Fiber is defined in Merriam Webster as mostly indigestible material in food (such as legumes, whole grains, and vegetables) that stimulates the intestine to peristalsis and promotes elimination of waste from the large intestine. It is found in whole fruits and vegetables, whole grains, beans, lentils, and nuts and seeds and keeps you moving. Hmmm…sounds like what most diet gurus are telling us to eat these days.
Why does it matter
According to a study conducted by Andrew Reynolds and other scientists, when a person increases their consumption of fiber, it can lead to some pretty impressive benefits.
Weight loss
Lower risk of heart attack
Lower risk of stroke
Reduced risk of type 2 diabetes
Reduced risk of colorectal cancer
That’s a lot of upside. All of these health benefits by eating more whole fruits, vegetables, grains, beans, legumes, nuts and seeds? Sign me up!
How much is enough?
Good question. On average, women over 50 should consume 22 grams of fiber per day and a man over 50 years of age should consume 28 grams, according to HealthLine.com. The only problem is that I’m not sure exactly what 22 grams of fiber looks like.
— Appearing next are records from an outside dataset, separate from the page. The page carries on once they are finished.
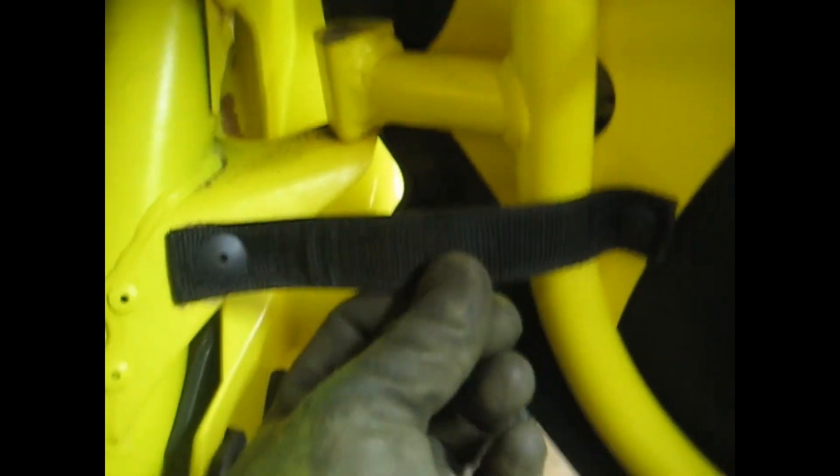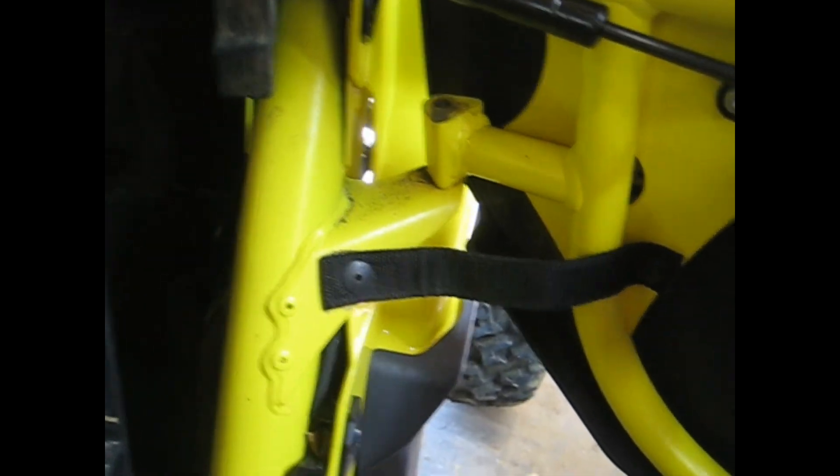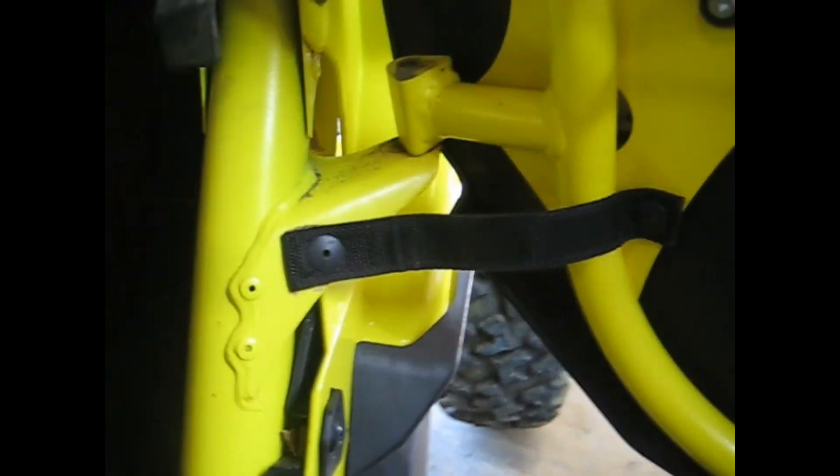That's the finished product there — got the little clips back in there. The only thing I see is this thing slings open pretty hard and the actual limiting strap is not holding it. So I'm going to try to drill this rivet out and maybe put a bolt in there to tighten that strap up, just so it keeps a little tension on it, because it's snapping back pretty hard.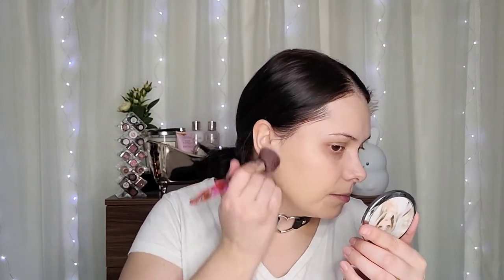It doesn't look really dewy and it spreads really nicely with the brush. It feels like I don't have anything on my skin - it's really lightweight. Let's see if I can build it up without it looking cakey. So far I like how it looks on the skin with the brush. It looks so natural, there are no streaks at all - it went on so nicely.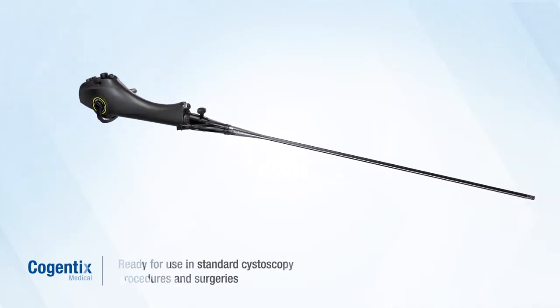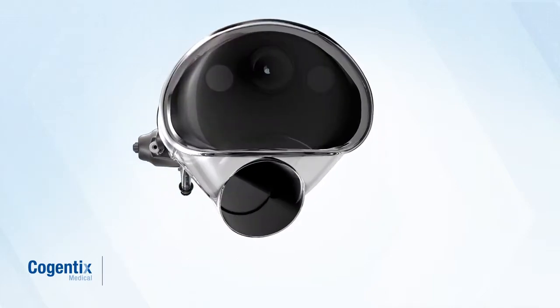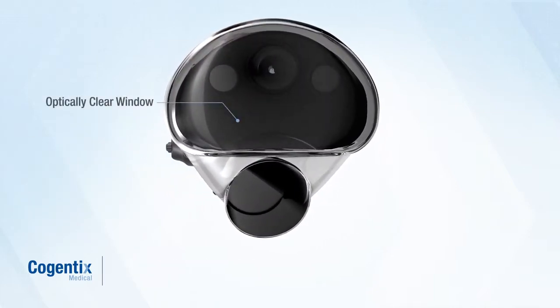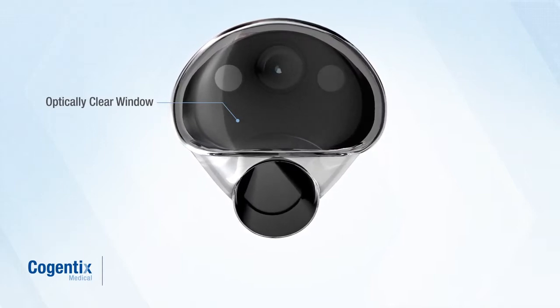After placing the sheath on the scope, it is ready for use in standard cystoscopy procedures and surgeries. The optically clear window at the tip of the sheath provides excellent visualization and does not interfere with imaging quality.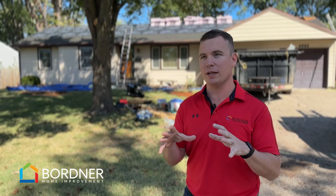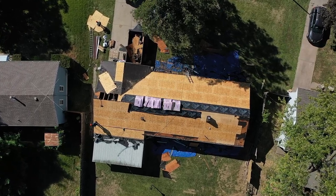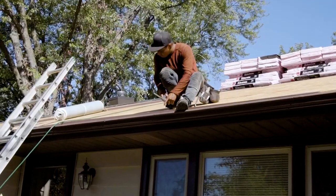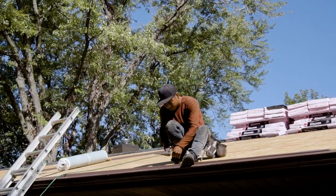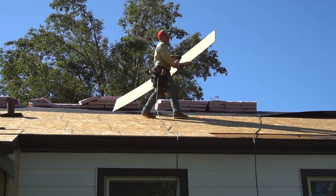Is it going to be able to hold a shingle in the future? If it's not, we're going to replace that, because we're not going to install something that you're going to be having an issue with down the road. And we like to be incredibly clear and upfront from the first day on what that cost is going to be if we find anything like that.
Grams? I clearly wasn’t paying attention in school when the metric system was explained. Remember when we were all told that the U.S. was switching to the metric system so we had to learn it? Fun fact: the Metric Conversion Act of 1975 failed due in part to public resistance. Ha! I guess I was part of the public resistance.
Which is why I have a hard time understanding what 22 grams of fiber looks like.
Thankfully, a handy chart published by the U.S. Government provided just the answer I was looking for. The website even has printable PDFs in case you’re interested.
Are there any downsides?
Yes….and no. For a person with digestive issues (IBS, Crohn’s, or ulcerative colitis), their symptoms can worsen. And for a person without digestive issues, if you go all in too quickly, you could experience bloating, gas, and cramps. Drinking a lot of water and getting some exercise, as well as increasing fiber consumption slowly over time can help.
The five letter “F” word
After forty or fifty, it’s best not to eat fudge, flour or fluff.
Instead, when faced with the facts, I’ll focus on fiber - the “F” word that is perfectly acceptable at the dinner table.